Introduction: Artificial intelligence coding is a new literacy. It is hoped that in the future, people will be able to write artificial intelligence code as commonly as they can read and write now. Because code is the deepest form of communication between humans and machines, and artificial intelligence and data science are of great value to many professions.
Chapter 1: The three steps of career growth are learning basic skills, participating in projects, and finding a job. At each stage, a community that supports you should be established. Career development in the field of artificial intelligence has its uniqueness.
Chapter 2: Learning basic technical skills is very important, including basic machine learning skills, deep learning, related mathematics, software development, etc. A good course is an efficient way to master the knowledge system, and continuous learning is required.
Chapter 3: Mathematics is one of the basic skills of artificial intelligence, but it is necessary to distinguish priorities. Understanding the mathematical principles behind algorithms is helpful for debugging algorithms. Curiosity-driven learning should also be encouraged.
Chapter 4: Defining a successful artificial intelligence project requires five steps: determining business problems, proposing AI solutions, evaluating feasibility and value, determining milestones, and resource budgets. Project development is an iterative process.
Chapter 5: Find projects that meet your career goals. Start with small projects. You can join existing projects, keep reading and communicating, focus on application fields, and develop side businesses. When choosing a project, consider factors such as technical growth, teammates, and whether it can be a stepping stone. Avoid analysis paralysis.

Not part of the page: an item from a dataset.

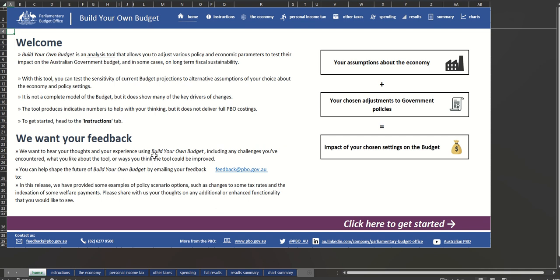So give it a try, and if you have any feedback, send it through via the survey link on the Build Your Own Budget homepage.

Chapter 6: Building a project portfolio shows skill progress. Each project is a step in growth. Communication and leadership are crucial.
Chapter 7: The job search framework. When switching positions or industries, consider switching one first. For example, a financial analyst can first find a data science job in his own field or go to a technology company to be an analyst.
Chapter 8: Informational interviews can help you understand your target job. Research the interviewee and the company in advance. Ask questions about job content, key skills, teamwork, etc. Informational interviews are especially important in the field of artificial intelligence.
Chapter 9: Job search details include researching positions and companies, informational interviews, applying or being recommended, interviewing, and choosing an offer. Pay attention to resumes, interview performance, etc. Act with respect and responsibility. Choose good teammates and seek help from the community.
Chapter 10: The keys to building an artificial intelligence career include teamwork, interpersonal and communication skills, developing good habits, helping others, and building a community rather than simply socializing.
Chapter 11: Overcoming impostor syndrome. Many people have experienced it, and newcomers in the field of artificial intelligence may also have it. Realize that everyone faces technical challenges. Welcome others to join the community and find people who support you.
Final Thoughts: The days of thinking about life are limited. Is what we do worth one thirty-thousandth of our lives?